Recorded information.
══════════════════════════════

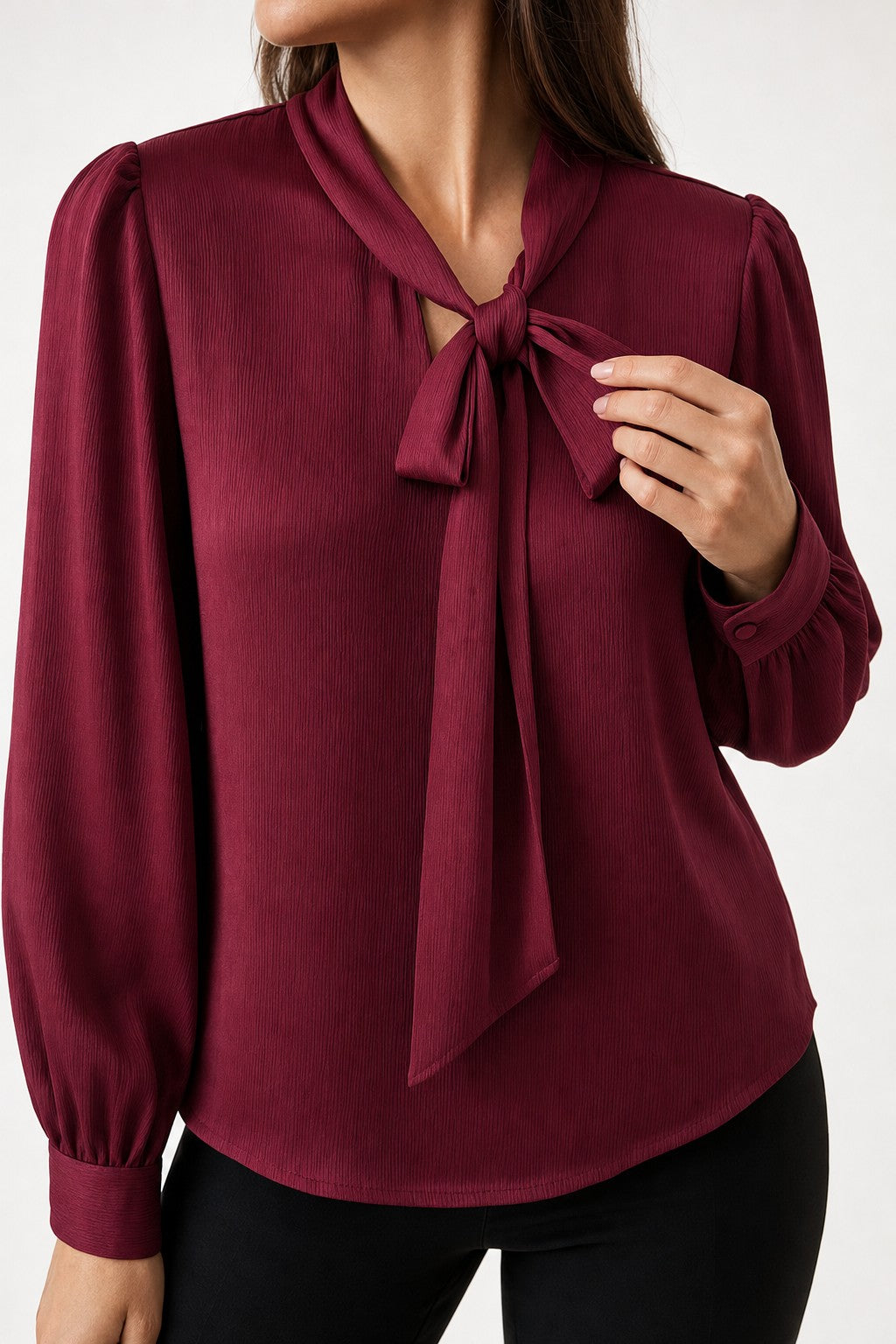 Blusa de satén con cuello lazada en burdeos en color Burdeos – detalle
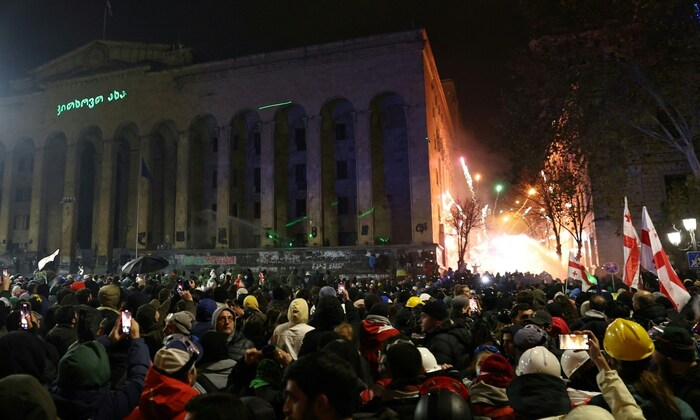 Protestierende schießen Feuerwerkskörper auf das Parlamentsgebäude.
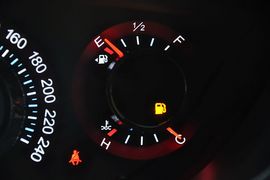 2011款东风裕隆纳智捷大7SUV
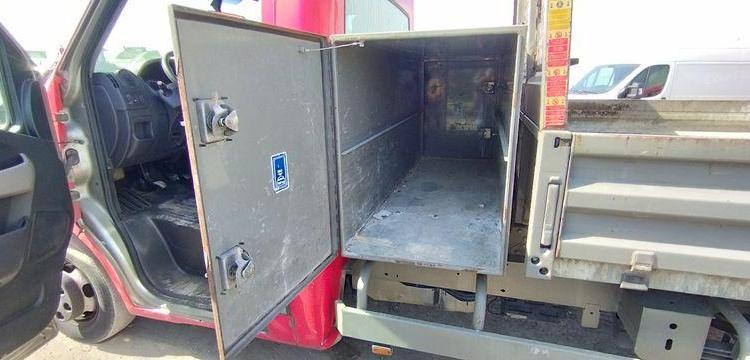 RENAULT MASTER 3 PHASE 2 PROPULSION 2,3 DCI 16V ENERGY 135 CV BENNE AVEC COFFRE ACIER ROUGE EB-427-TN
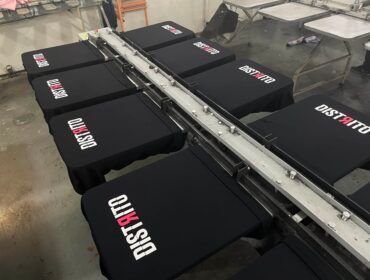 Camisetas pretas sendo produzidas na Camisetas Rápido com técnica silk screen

══════════════════════════════

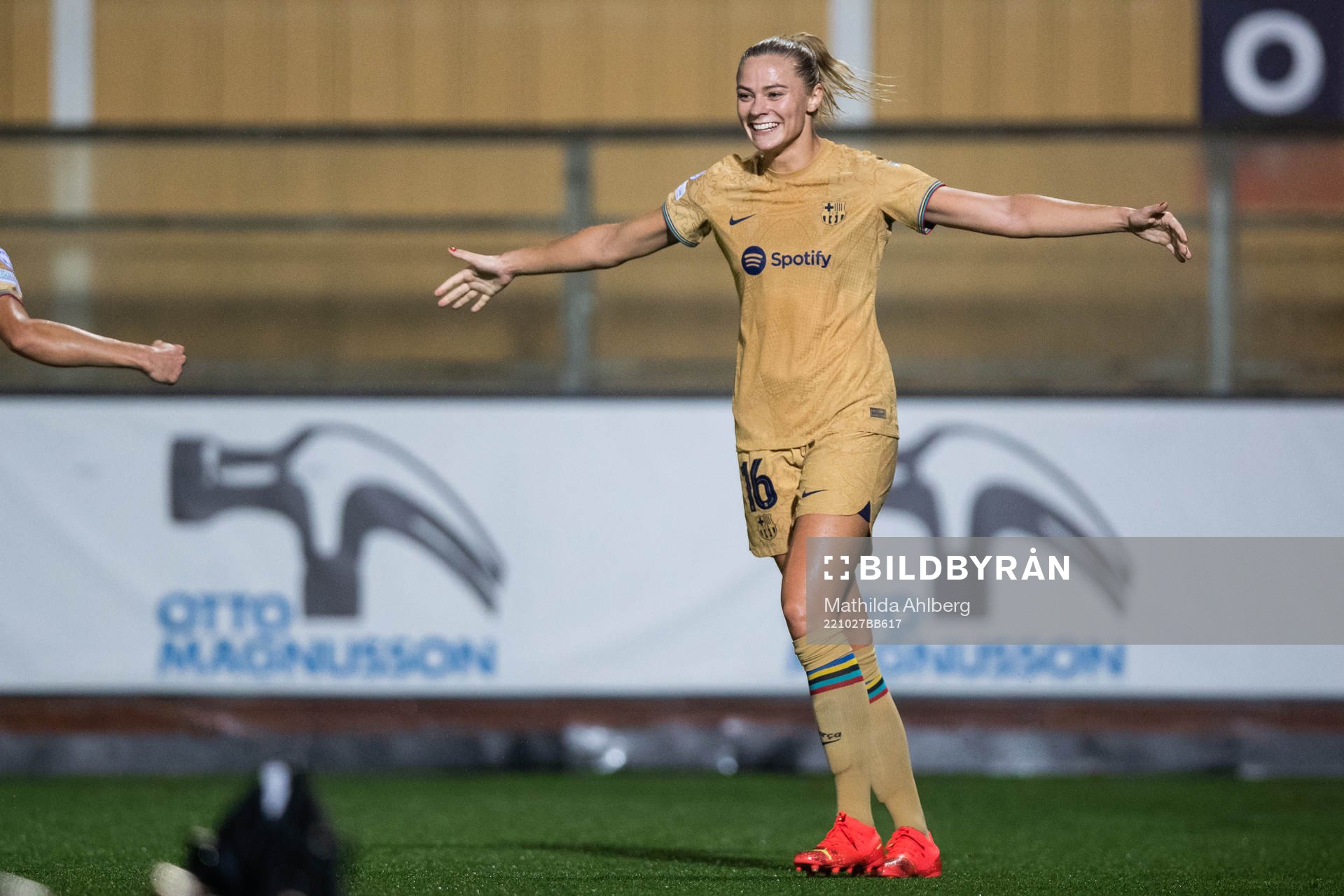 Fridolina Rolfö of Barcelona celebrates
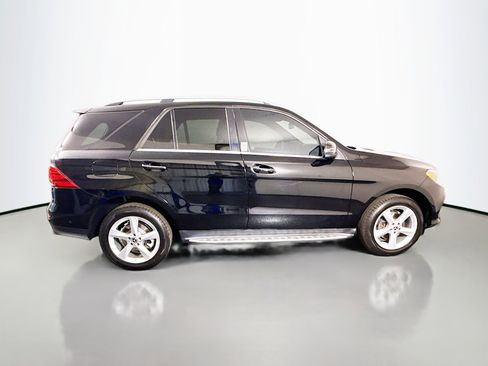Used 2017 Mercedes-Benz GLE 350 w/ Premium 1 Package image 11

══════════════════════════════

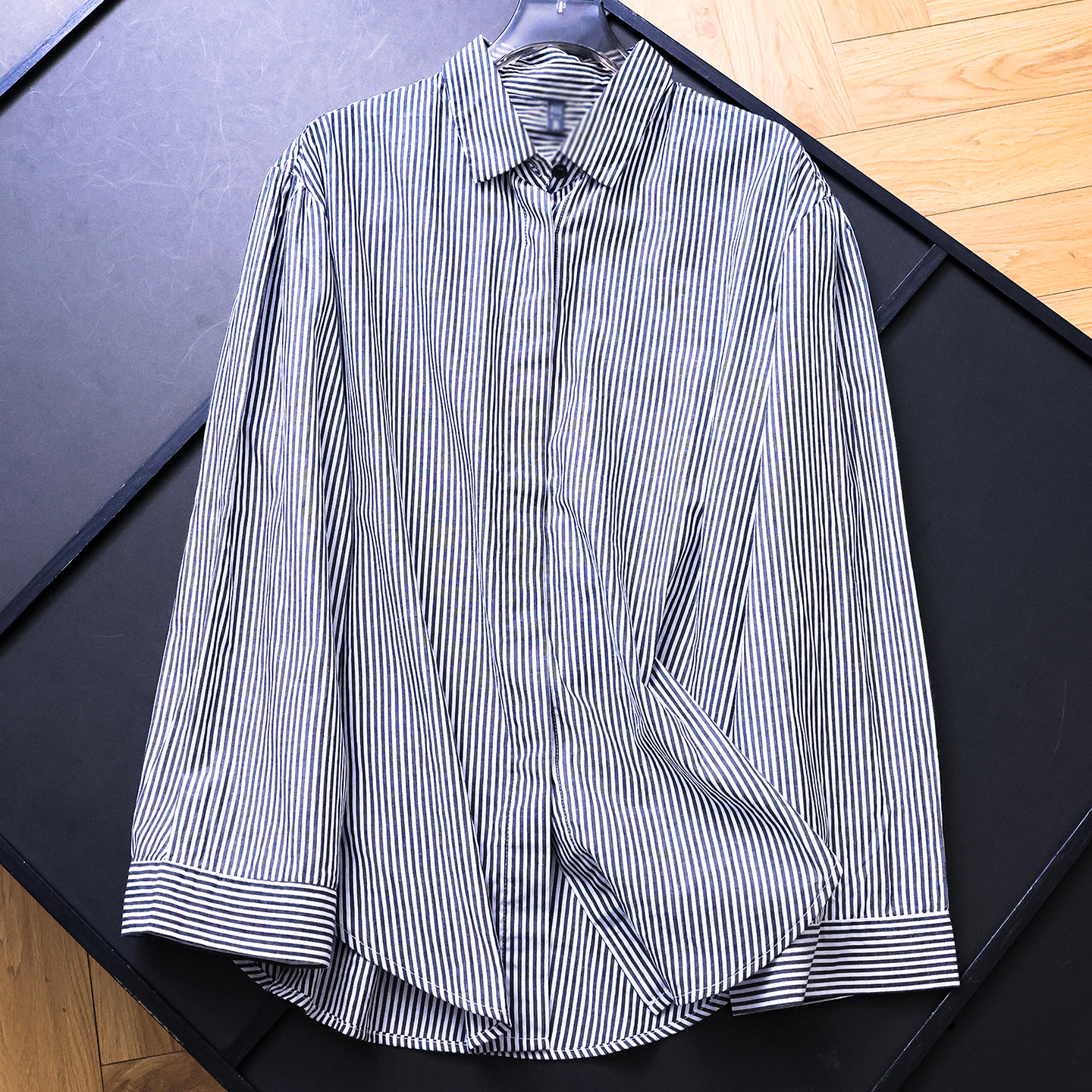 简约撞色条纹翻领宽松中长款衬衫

══════════════════════════════

Task directions. When copying from the data above, print only the lines from the line containing "Fridolina Rolfö of Barcelona celebrates" to the line containing "Used 2017 Mercedes-Benz", exactly, and leave the pictures out.

Output.
 Fridolina Rolfö of Barcelona celebrates
Used 2017 Mercedes-Benz GLE 350 w/ Premium 1 Package image 11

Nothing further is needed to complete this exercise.